WHAT IS NEEDED:
Taking the entries below, transcribe only the lines starting with the one with "Pete Postlethwaite" and going on through the one with "Inel cu rubin inima", exactly as written, without the pictures.

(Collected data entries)
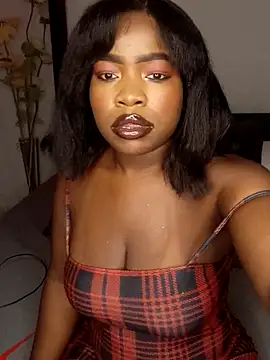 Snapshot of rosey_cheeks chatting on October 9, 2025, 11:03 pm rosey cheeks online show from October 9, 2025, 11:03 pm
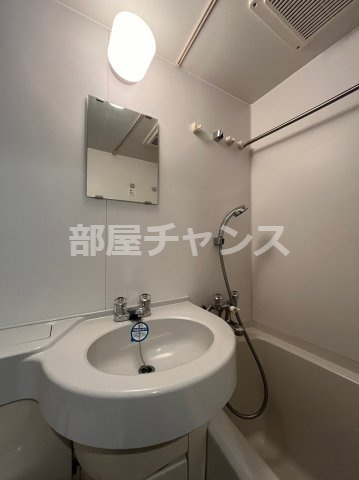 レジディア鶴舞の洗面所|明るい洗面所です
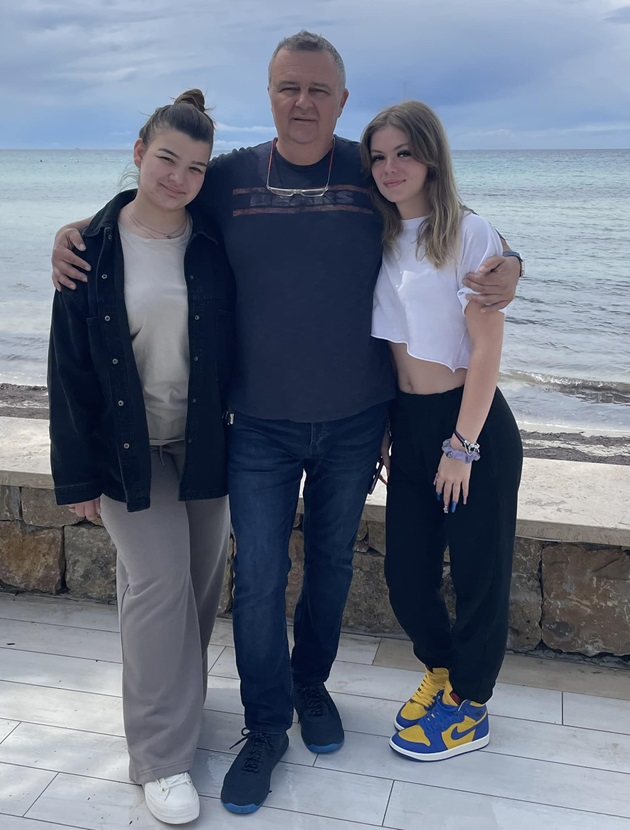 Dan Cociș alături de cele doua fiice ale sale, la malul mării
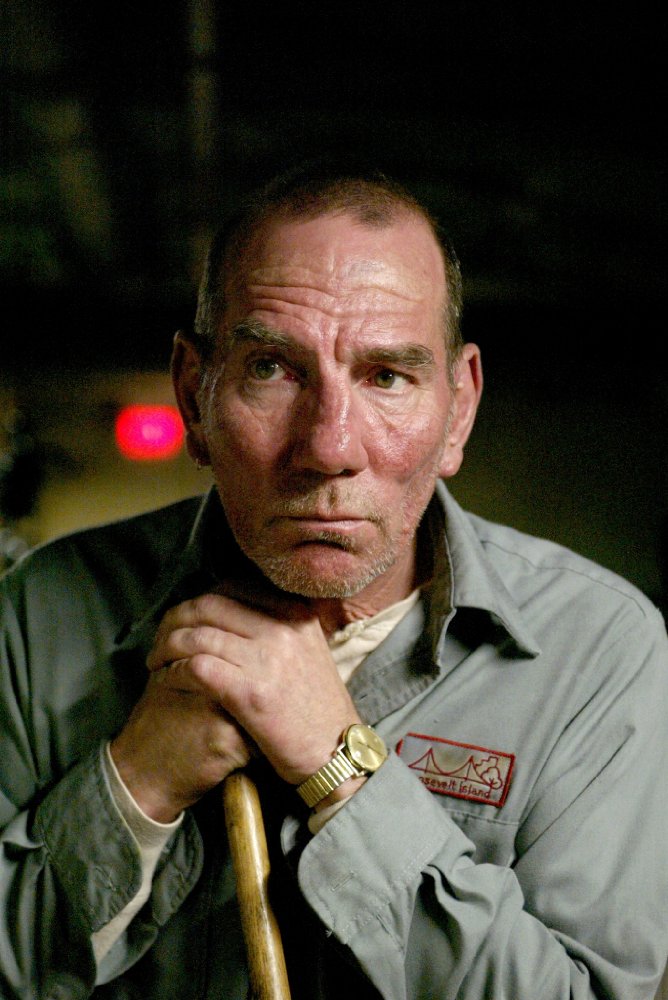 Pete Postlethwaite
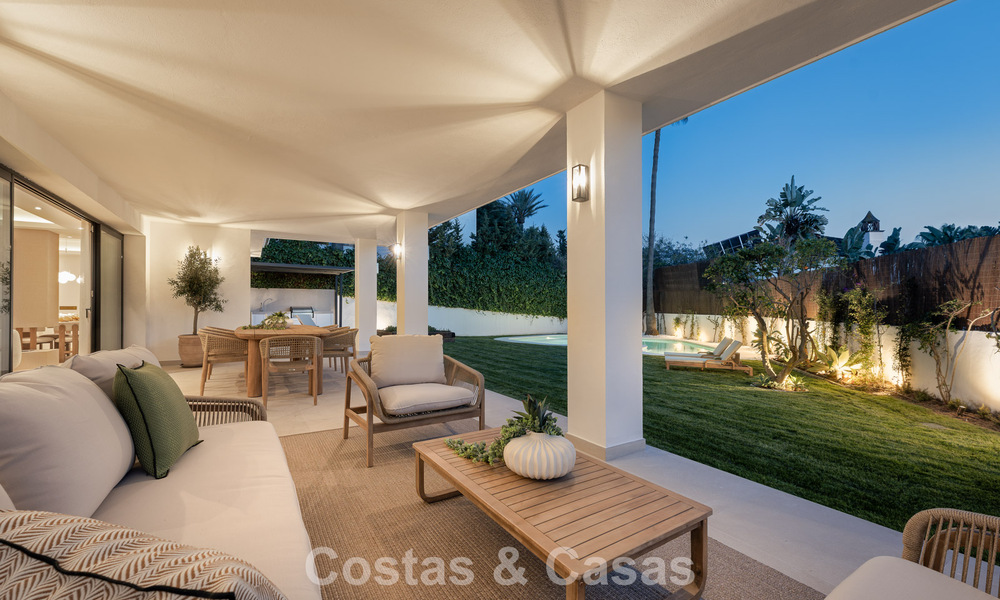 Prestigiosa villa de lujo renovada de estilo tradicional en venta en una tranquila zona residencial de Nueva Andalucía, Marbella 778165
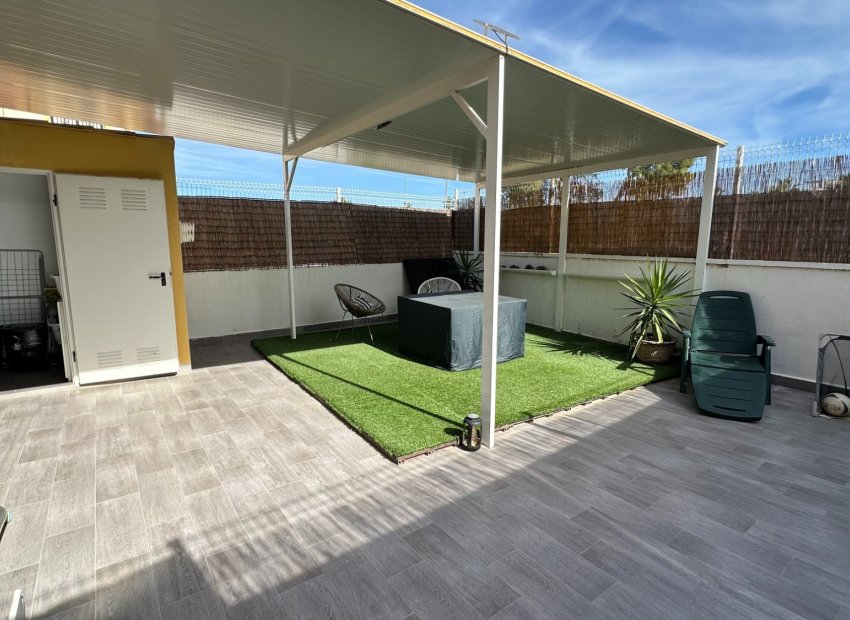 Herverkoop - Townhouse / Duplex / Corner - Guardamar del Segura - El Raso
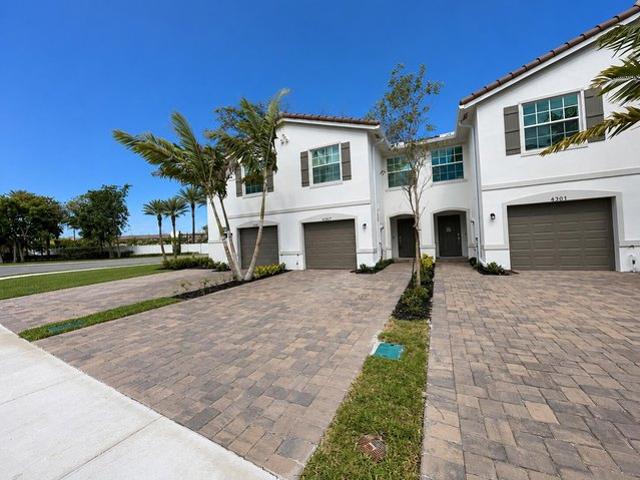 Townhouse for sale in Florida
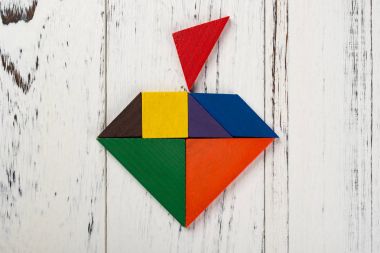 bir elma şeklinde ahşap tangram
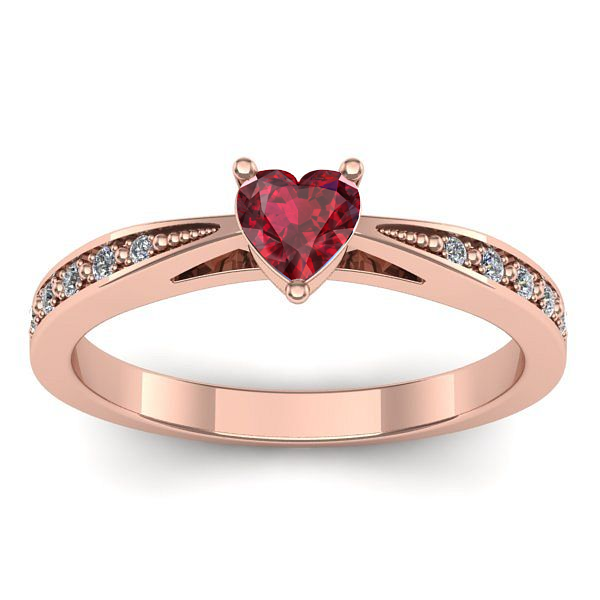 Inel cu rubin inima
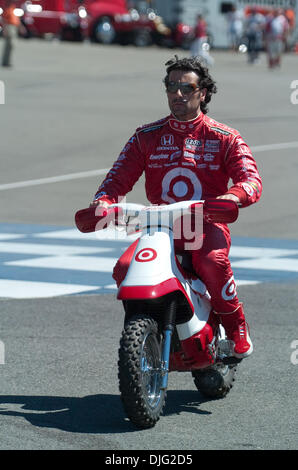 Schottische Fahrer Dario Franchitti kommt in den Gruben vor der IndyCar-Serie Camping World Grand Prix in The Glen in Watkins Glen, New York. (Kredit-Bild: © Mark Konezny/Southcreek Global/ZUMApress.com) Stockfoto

RESULT:
 Pete Postlethwaite
 Prestigiosa villa de lujo renovada de estilo tradicional en venta en una tranquila zona residencial de Nueva Andalucía, Marbella 778165
 Herverkoop - Townhouse / Duplex / Corner - Guardamar del Segura - El Raso
 Townhouse for sale in Florida
 bir elma şeklinde ahşap tangram
 Inel cu rubin inima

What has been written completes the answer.